Casualties and losses
- 22,000–28,000 killed 11,000 prisoners: Unknown

= Aksumite invasion of Himyar =

518–528 invasion of Himyarite Kingdom by Aksumite Empire

The Aksumite invasion of Himyar consisted of a series of two invasions from 518 to 525 fought between the Christian Kingdom of Aksum and the Jewish Himyarite Kingdom. The wars functioned as proxy wars waged by the former on behalf of the Roman Empire during the Roman-Persian Wars with the ultimate goal of establishing an anti-Sasanian bloc in Arabia Felix.

==Background==
During the 2nd and 3rd centuries AD, the Southern part of Arabia, known in antiquity as Arabia Felix, had experienced Aksumite political and military involvement, as the Aksumites had occupied relatively peripheral areas in the region and formed alliances with the local tribes.

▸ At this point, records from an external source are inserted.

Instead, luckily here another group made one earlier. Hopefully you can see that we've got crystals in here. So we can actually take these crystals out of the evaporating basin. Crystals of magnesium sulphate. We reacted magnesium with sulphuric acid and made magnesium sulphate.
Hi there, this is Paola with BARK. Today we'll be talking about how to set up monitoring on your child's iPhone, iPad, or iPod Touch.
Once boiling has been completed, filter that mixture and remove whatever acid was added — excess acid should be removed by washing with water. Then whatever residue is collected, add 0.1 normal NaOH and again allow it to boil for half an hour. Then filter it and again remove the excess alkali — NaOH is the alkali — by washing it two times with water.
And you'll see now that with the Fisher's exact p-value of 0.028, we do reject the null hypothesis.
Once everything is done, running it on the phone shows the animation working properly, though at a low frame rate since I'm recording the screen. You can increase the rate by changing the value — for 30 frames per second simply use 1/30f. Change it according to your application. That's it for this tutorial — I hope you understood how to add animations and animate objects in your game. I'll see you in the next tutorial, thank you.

During the late 4th century AD, the local population converted to Judaism, and a Jewish kingdom known as Himyar was established. During the reign of Himyarite King Yanuf Dhu Shanatir, the Aksumites established diplomatic relations with the Himyarite capital city of Ẓafār, but the friendly relations between the two kingdoms did not last long, as in the second decade of the 6th century AD, the Jewish Himyarites began to persecute the Christian community of Southern Arabia.

A severe drought in the 6th century weakened the Himyarite kingdom and contributed to its eventual conquest by Aksum.

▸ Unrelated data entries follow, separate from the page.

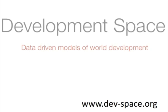If you want to learn more about how to use models to understand the world, then the best thing to do is to try Development Space for yourself. Go into www.dev-space.org and turn your numbers into visual and mathematical models. Thank you.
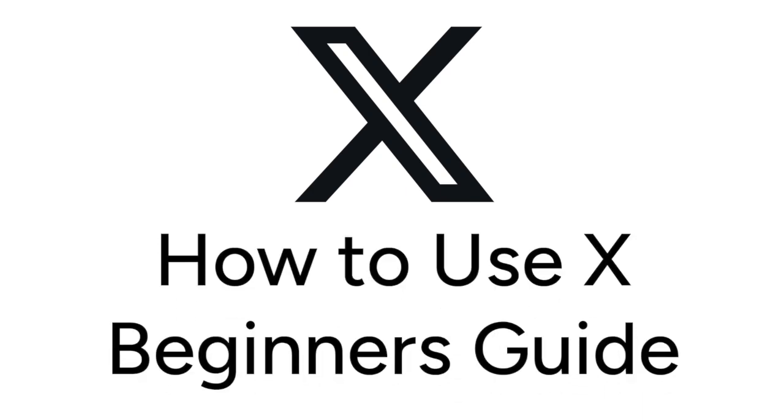Want to start using X but not sure how it works? We're here to help. I'm Jessica, and this video is our Beginner's Guide to X, where I'll teach you all the basics of using the app. Now let's get started.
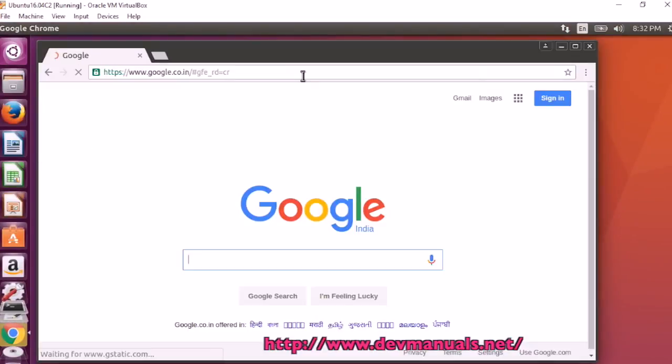Chrome browser is installed in Ubuntu 16.04. Thanks for watching the video and subscribe to our channel.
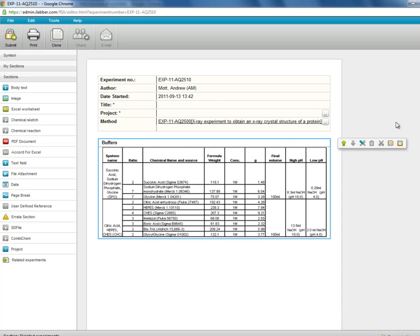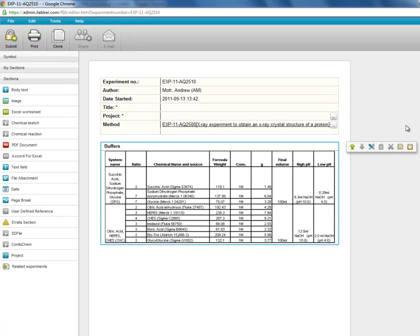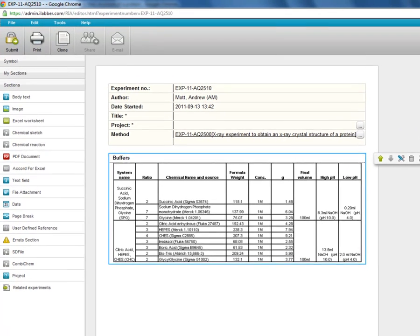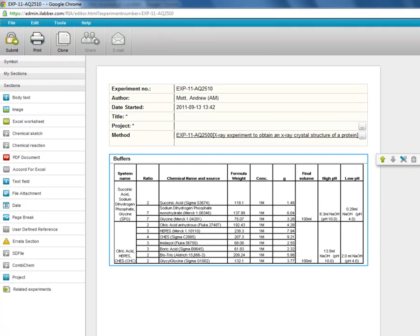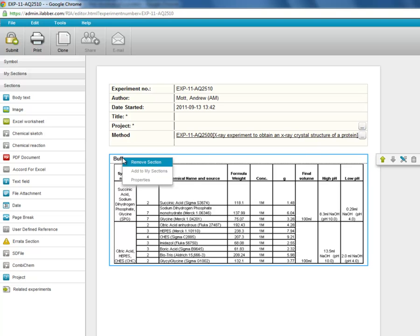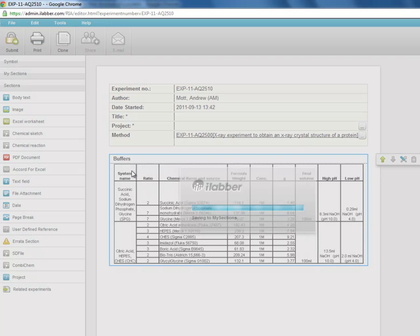So that is useful for copying sections once or twice. But if you have a section which you want to use several times, then you can store it in my sections. So for example we can take this section, it is highlighted with the blue around it. We right click on the title and go add to my sections.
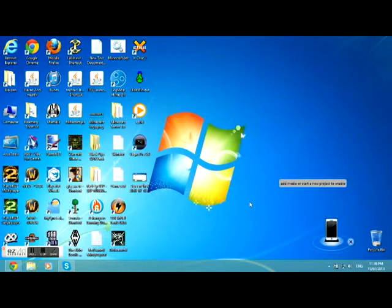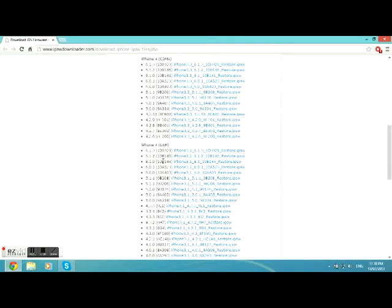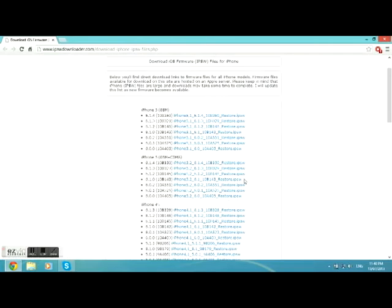So first off, you're going to want to click the link in the description which will take you to this website. When you're there, you're going to want to find your device and download the software for it.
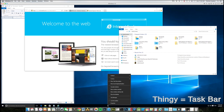On the far right bottom corner it has the time and other notifications. But let's just focus on right-clicking in an open space. When you right-click, you'll get a few options. We're only going to pay attention to four options — about four rows down — and it should start with Cascade Windows.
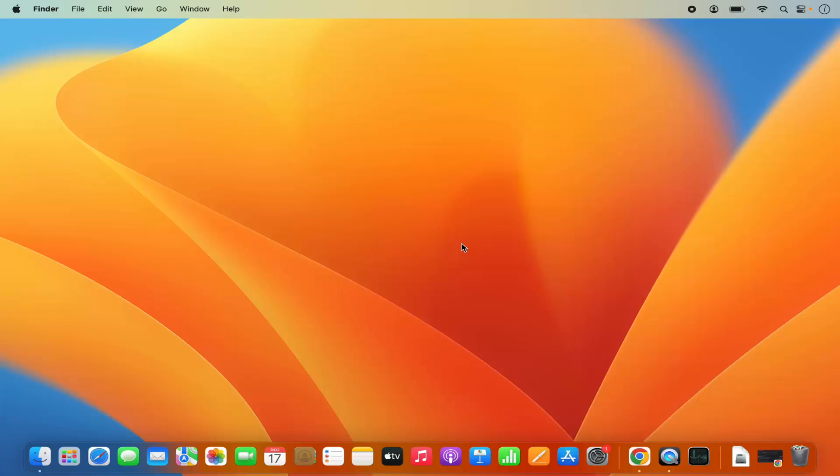Hey guys, in this video I'm going to show you how you can download and install Visual Studio Code on your Mac operating system. So let's get started and let's see how we can do it.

==Aksumite invasion of 518==
Negus Kālēb dispatched a punitive expedition to Arabia Felix led by general Ḥayyān, for both irredentist reasons and in response to the persecution of Christians in Najran by the Himyarite King Masruq. The initial military campaign was successful and the Aksumites brought to power a Himyar Christian by the name of Maʿdīkarib Yaʿfur. However, in 522 Yūsuf Dhū Nuwās declared himself king in a successful coup d'état and began to persecute Christians once again by setting fire to churches and attacking Christian communities in Ẓafār and Tihāma. In 524, Yūsuf Dhū Nuwās besieged the Christian city of Najran and ordered his troops to slaughter the whole city for refusing to convert to Judaism, and news of the massacres rapidly spread across the region.

==Aksumite invasion of 525==
In response to the massacres of Christians by Dhū Nuwās, the Byzantine emperor Justin I sent a call to arms through the Patriarch of Alexandria Timothy IV, and Negus Kālēb decided to lead his armies in person into another invasion in 525. The Aksumite army was reinforced by the Roman army sent by the Byzantine emperor Justin I. Following the defeat of Yūsuf Dhū Nuwās, another Himyar Christian by the name of Sumūyafa Ashwa was crowned King of Himyar, soon after Christian churches were rebuilt and Christians who were forcibly converted to Judaism were allowed to revert to Christianity.

==Aftermath==
In 535, a Christian Aksumite general by the name of Abrǝhā revolted against Sumūyafa Ashwa and seized power, declaring himself King of Himyar. After several unsuccessful military campaigns by Negus Kālēb to overthrow the new king, Abrǝhā remained in power in exchange for a tribute and soon after established diplomatic relations with the Aksumite Kingdom, the Byzantine Empire and the Sasanian Empire.